Des accusations d’exactions contre les civils

Comme Wagner, son prédécesseur, l’Africa Corps est accusé d’avoir commis des exactions contre des civils. « À Kidal, l’armée malienne et les membres de l’Africa Corps ont été accusés d’avoir perpétré des atrocités de masse. Des civils auraient été exécutés, brûlés vifs ou jetés dans des puits lors d’opérations à Ibdakan, Eghacher-Sediden et Abelel entre les 25 et 26 juin », selon l’organisation Acled (Armed Conflict Location & Event Data), qui recense 91 événements violents au Mali pour le mois d’août.

Ces violences renforcent le soutien au GSIM et au FLA. Si l’Africa Corps a installé des dispositifs anti-drones dès juin sur ses véhicules, les Touareg, probablement aidés par les services de renseignements ukrainiens, ont utilisé dès juillet des drones à fibre optique. Malgré ses moyens, l’Africa Corps semble incapable d’empêcher la dégradation de la situation sécuritaire au Mali.

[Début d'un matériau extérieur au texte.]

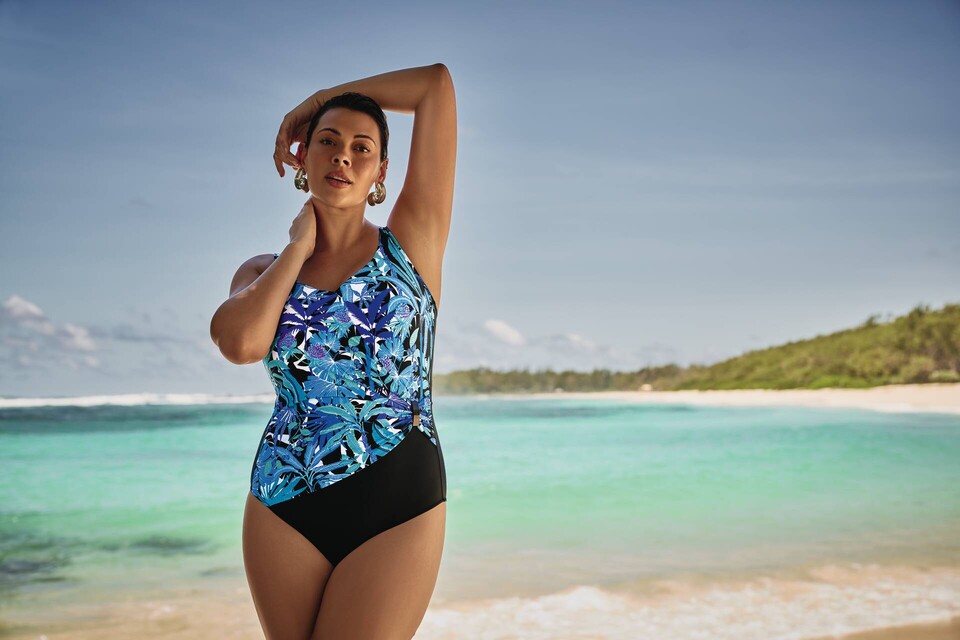 Costume Intero Anita costume intero con coppa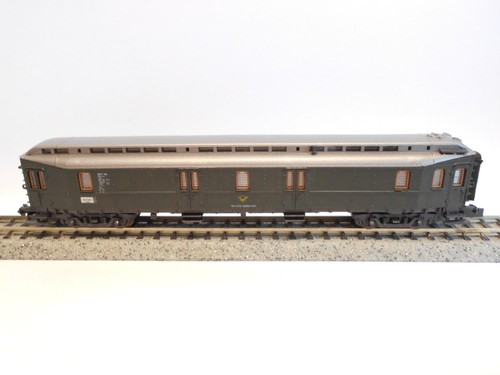 Roco gepäckwagen typ - n,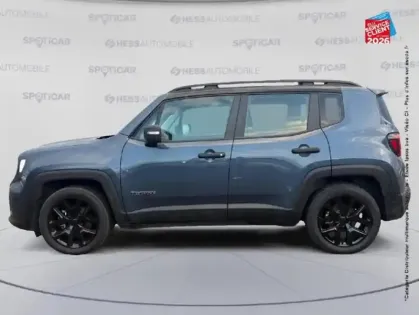 Photo 8 Jeep Renegade  1.5 Turbo T4 130ch MHEV Summit BVR7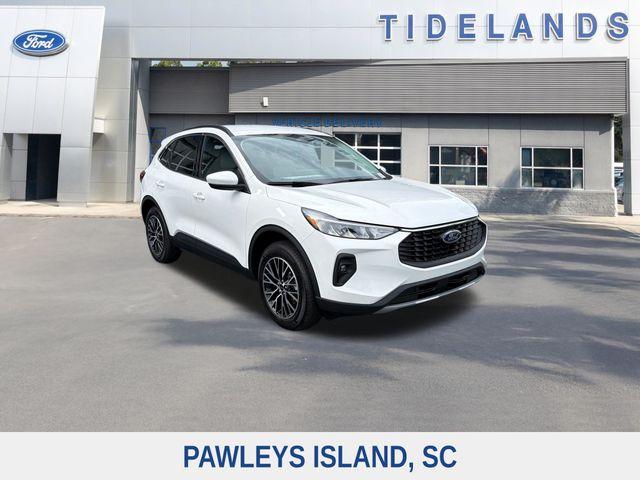 New 2026 Ford Escape PHEV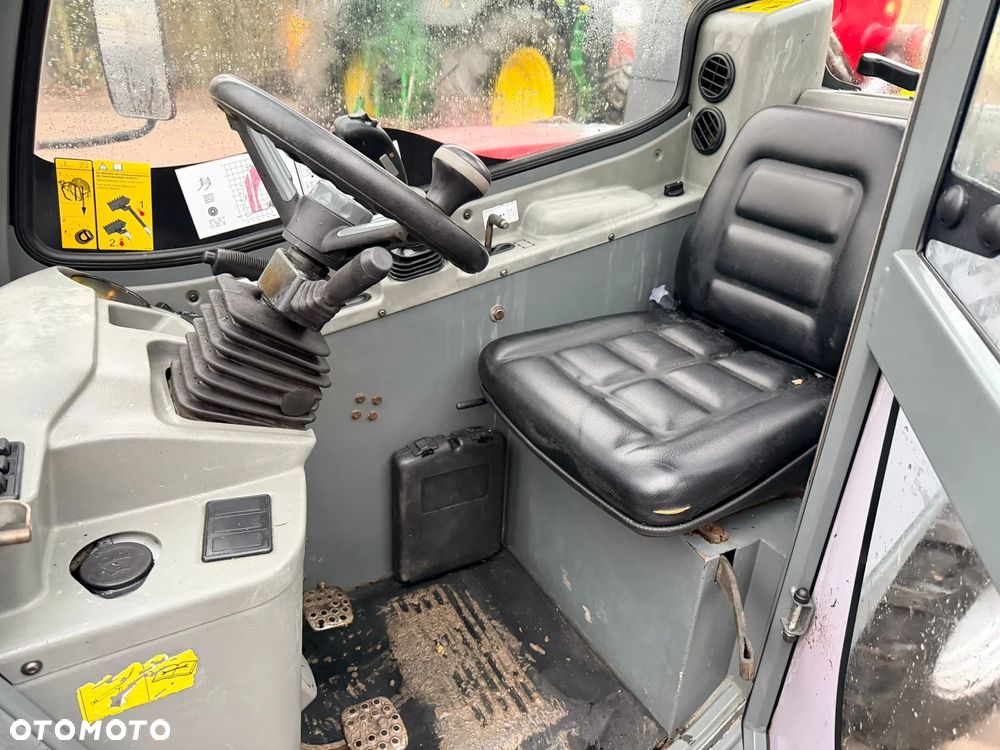 Weidemann T4512 - 21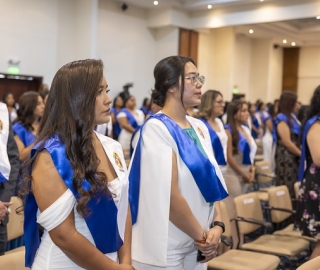 Ceremonia de Incorporación | 30 de octubre | Mañana Ceremonia de Incorporación | 30 de octubre | Mañana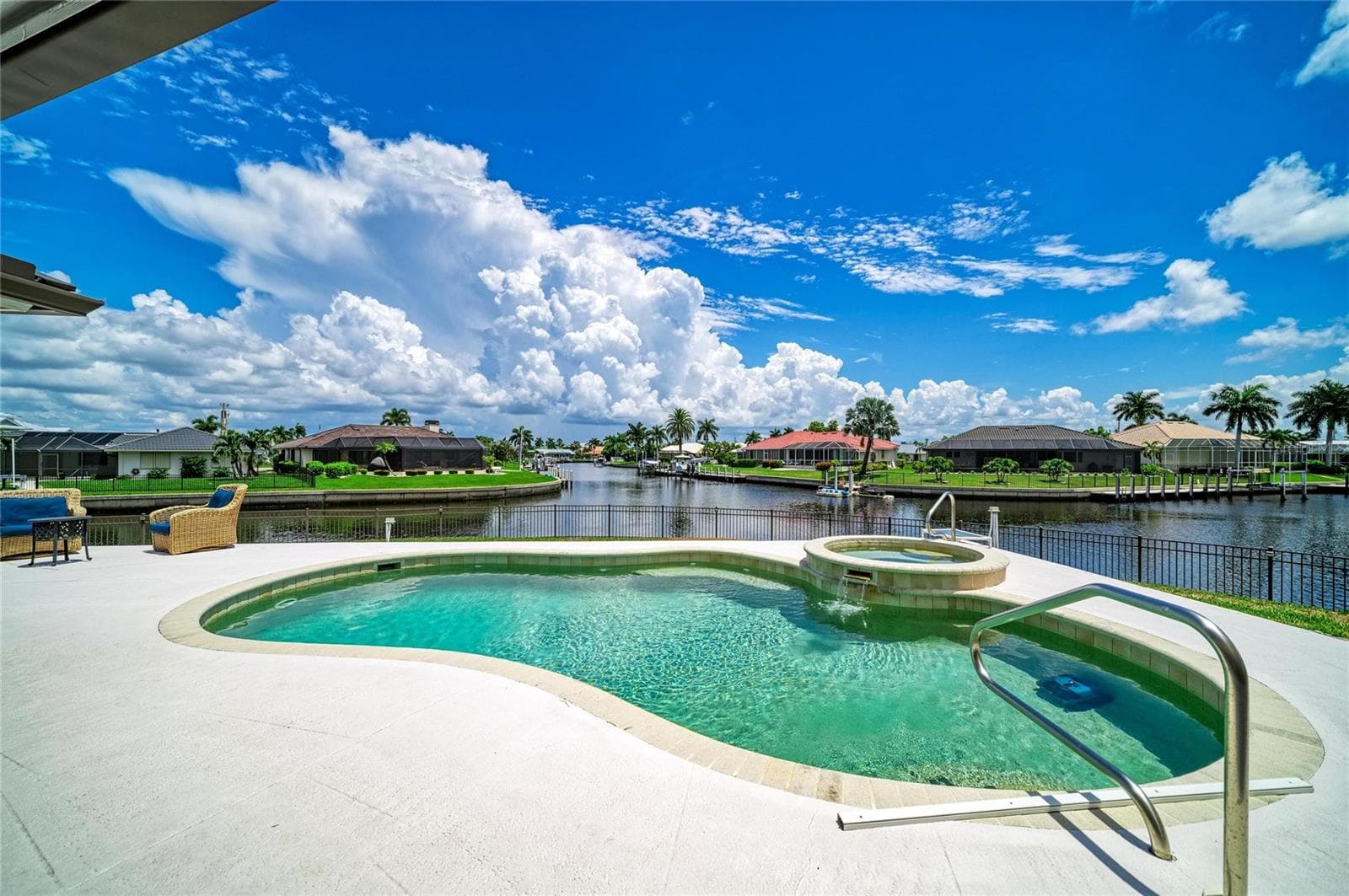 Single Family Residence at 602 VIA TUNIS, PUNTA GORDA, photo 46 of 61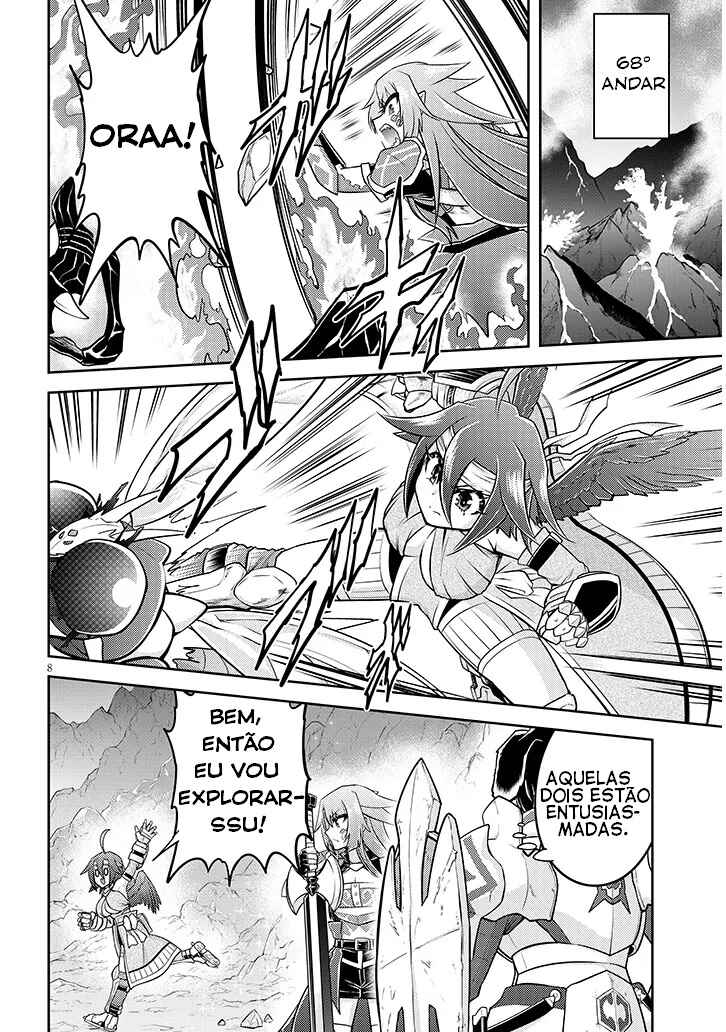 Live Dungeon! Chapter 73 - Page 9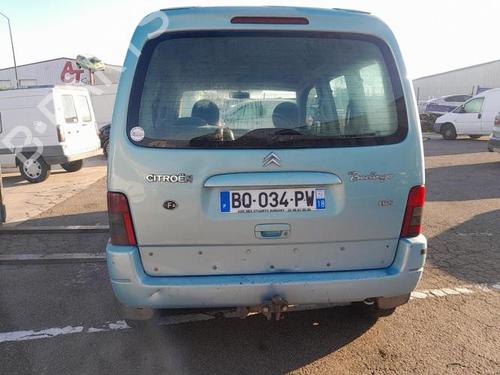 Electronic module CITROËN BERLINGO / BERLINGO FIRST Box Body/MPV (M_) 2.0 HDI 90 (MBRHY, MCRHY) | BP27811924M83 
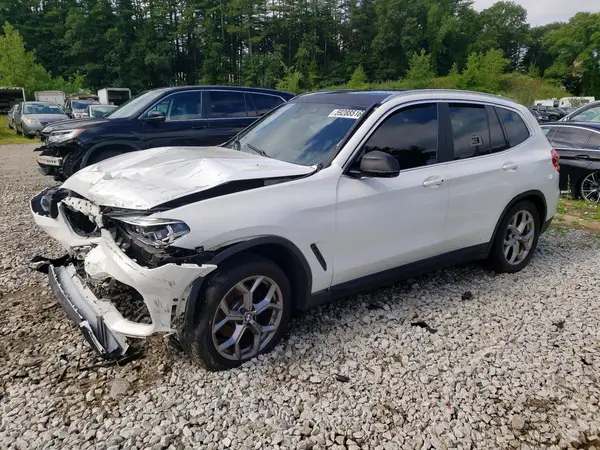 5UXTY5C02LLT37480 2020 BMW X3 - Image 1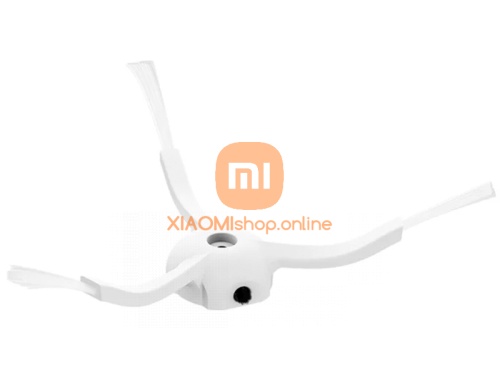 Боковая щетка для робота-пылесоса Xiaomi Mi Robot Vacuum Mop P (STYTJ02YM-BS.B) White фото 2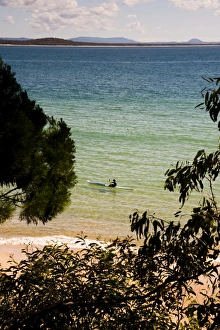 Images Dated 13th June 2009: Beach, Noosa, Queensland, Australia, Pacific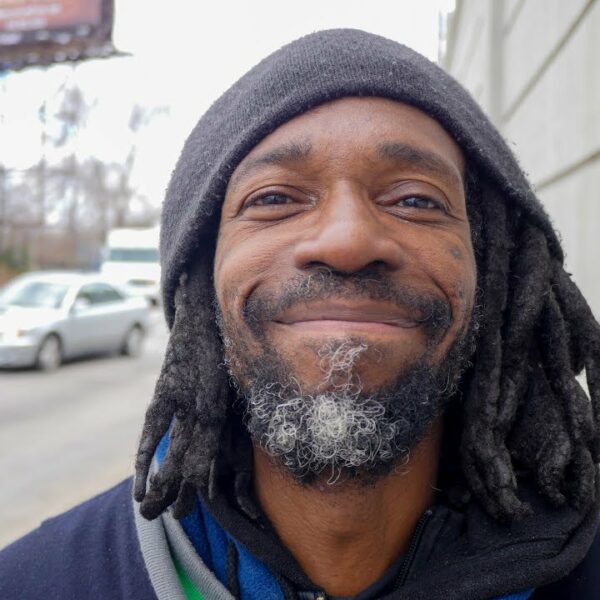 Detroit Homeless Man Survived Cancer Twice While on the Streets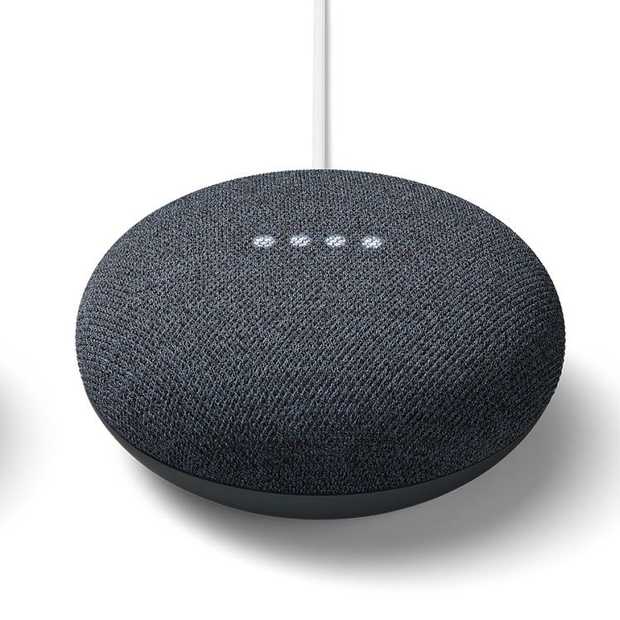 Google introduceert Google Nest Mini
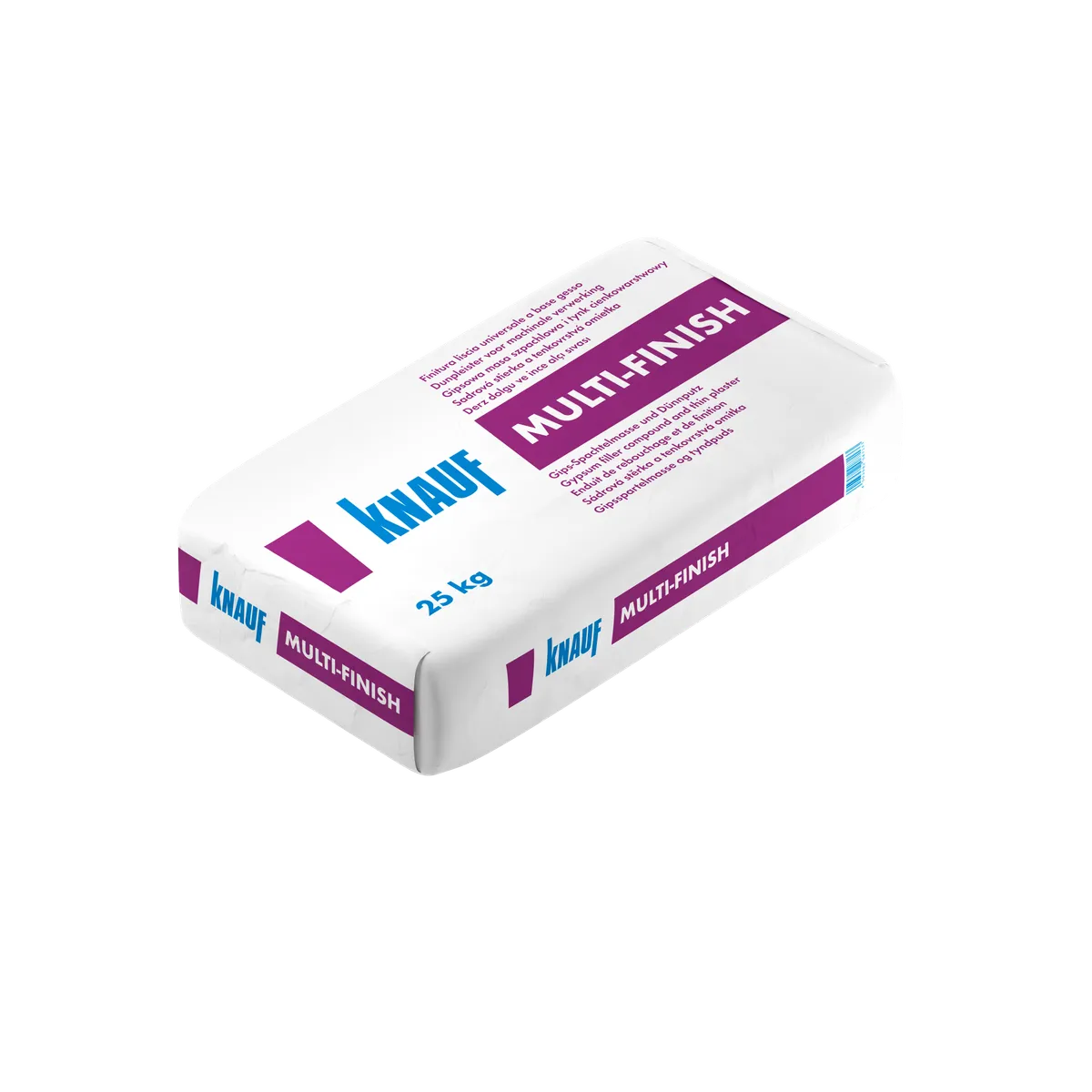 Knauf - Multi-Finish - 4003982087133_Multifinish_front_25kg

En dépit de tout cela, l’Africa Corps bénéficie d’une image plutôt positive sur les réseaux sociaux. « Le passage de Wagner à l’Africa Corps s’accompagne d’une communication plus propre, voire plus étatique. Il y a un logo, des éléments de langage ministériels qui évoquent la mémoire, la professionnalisation de la guerre. Cela ressemble davantage à des communiqués officiels », analyse Dimitri Zufferey, journaliste et coauteur d’un livre sur Wagner, Wagner. Enquête au cœur du système Prigojine (Éditions du faubourg, 2023). L’Africa Corps met en avant la formation militaire dispensée à ses hommes et aux forces armées maliennes. Il s’appuie également sur des relais comme l’African Initiative, agence de presse russe liée aux services de renseignements qui relaie les faits d’armes du groupe et les initiatives russes sur le continent africain, tout en fondant des ONG. Ces dernières participent au soft power russe.